Model strings pass through unchanged — the newest models work out of the box: claude-fable-5, claude-opus-4-8, claude-sonnet-5, claude-haiku-4-5, GPT-4o/o-series, Gemini 1.5/2.0, and any Ollama/OpenRouter model.

Provider	Env var
Anthropic (Claude)	`TOKENMIZER_ANTHROPIC_API_KEY`
OpenAI	`TOKENMIZER_OPENAI_API_KEY`
Google Gemini	`TOKENMIZER_GEMINI_API_KEY`
DeepSeek	`TOKENMIZER_DEEPSEEK_API_KEY`
Mistral	`TOKENMIZER_MISTRAL_API_KEY`
Grok (xAI)	`TOKENMIZER_GROK_API_KEY`
Cohere	`TOKENMIZER_COHERE_API_KEY`
OpenRouter	`TOKENMIZER_OPENROUTER_API_KEY`
Ollama	No key — free, local

Configuration

# tokenmizer.yaml
provider: anthropic
default_model: claude-sonnet-4-6

graph_checkpoint:
  enabled: true
  trigger_at_percent: 0.85
  use_llm_extraction: false     # true = 80%+ recall, needs key (~$0.001/turn)

compression:
  enabled: true

cache:
  enabled: true
  max_size: 10000

state_backend: memory           # memory | redis (production)

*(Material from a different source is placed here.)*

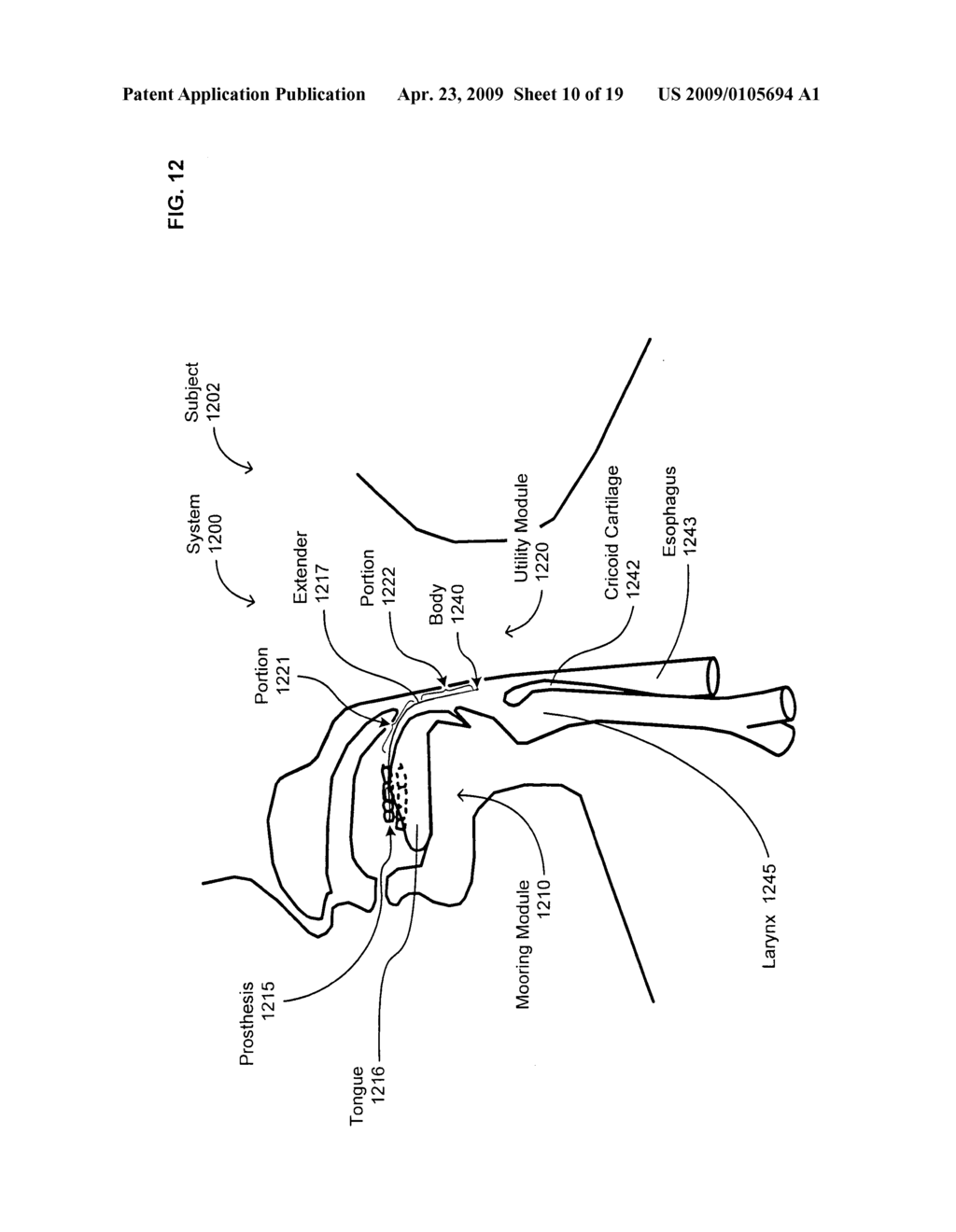 Medical or veterinary digestive tract utilization systems and methods - diagram, schematic, and image 11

All settings via env vars: TOKENMIZER_PROVIDER, TOKENMIZER_API_KEY, etc.

Docker

# Quick start
docker-compose up tokenmizer

# With Redis (production)
ANTHROPIC_API_KEY=sk-ant-... docker-compose up

# With proxy auth
TOKENMIZER_API_KEY=strong-key docker-compose up

API Reference

Endpoint	Method	Description
`/v1/chat/completions`	POST	OpenAI-compatible proxy
`/api/resume/{id}`	GET	Get resume context
`/api/checkpoint`	POST	Manual checkpoint
`/api/decision/invalidate`	POST	Mark decision as invalid
`/api/graph/{id}`	GET	Session graph stats
`/api/graph/{id}/html`	GET	Interactive graph page — open, drag, zoom, share
`/api/stats`	GET	Token savings analytics
`/health`	GET	Health check
`/docs`	GET	Swagger UI

Security

API key auth — TOKENMIZER_API_KEY (constant-time comparison)
Secret/PII redaction applied once at ingestion, before graph storage, checkpoint storage, AND every LLM call (main chat and the background extraction model — these are separate, the redaction gap between them was a real bug, now fixed)
Session-isolated cache (sensitive data never shared across sessions)
Basic prompt-injection keyword filter — catches copy-pasted jailbreak templates only; not a security boundary against a motivated adversary. See SECURITY.md for exactly what it does and doesn't catch.
CORS restricted to configured origins by default

Benchmarks

python benchmarks/checkpoint_accuracy/runner_v2.py
pytest tests/ -v

Benchmark v2 — Graph vs plain Summary (3 sessions, heuristic-only, measured 2026-07-02 on v0.2.4):

Method	Task Recall	Decision Recall	File Recall	Info Preserved
TokenMizer Graph	76%	85%	100%	87%
Plain Summary baseline	76%	70%	92%	79%
Δ advantage	0%	+15%	+8%	+8%

Avg resume size: 254 tokens vs ~1,500+ tokens of raw history. (n=3 synthetic sessions — small sample; treat as directional, reproduce with the command above.)

Enable use_llm_extraction: true for hybrid extraction (LLM + heuristic merge).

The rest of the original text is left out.